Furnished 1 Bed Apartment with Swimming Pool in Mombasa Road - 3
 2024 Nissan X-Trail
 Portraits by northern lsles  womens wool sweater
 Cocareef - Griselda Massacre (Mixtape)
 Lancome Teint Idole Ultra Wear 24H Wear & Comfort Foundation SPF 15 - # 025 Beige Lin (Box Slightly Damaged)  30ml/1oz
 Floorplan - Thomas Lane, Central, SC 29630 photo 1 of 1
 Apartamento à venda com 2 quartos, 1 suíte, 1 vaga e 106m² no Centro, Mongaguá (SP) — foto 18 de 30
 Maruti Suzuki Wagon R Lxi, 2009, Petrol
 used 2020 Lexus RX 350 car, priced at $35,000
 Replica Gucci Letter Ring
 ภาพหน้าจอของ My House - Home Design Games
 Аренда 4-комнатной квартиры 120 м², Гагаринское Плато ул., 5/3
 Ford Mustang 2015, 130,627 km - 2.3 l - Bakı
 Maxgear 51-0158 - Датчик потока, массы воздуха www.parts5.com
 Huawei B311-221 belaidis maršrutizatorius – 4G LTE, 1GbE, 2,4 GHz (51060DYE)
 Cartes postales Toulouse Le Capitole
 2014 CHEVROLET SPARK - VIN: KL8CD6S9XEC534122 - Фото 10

※

> _Required work_
In the entries above, the lines from the one bearing "Cocareef - Griselda Massacre (Mixtape)" up to and including the one bearing "Apartamento à venda" should be transcribed exactly; no other line is wanted.

> _Answer_
 Cocareef - Griselda Massacre (Mixtape)
 Lancome Teint Idole Ultra Wear 24H Wear & Comfort Foundation SPF 15 - # 025 Beige Lin (Box Slightly Damaged)  30ml/1oz
 Floorplan - Thomas Lane, Central, SC 29630 photo 1 of 1
 Apartamento à venda com 2 quartos, 1 suíte, 1 vaga e 106m² no Centro, Mongaguá (SP) — foto 18 de 30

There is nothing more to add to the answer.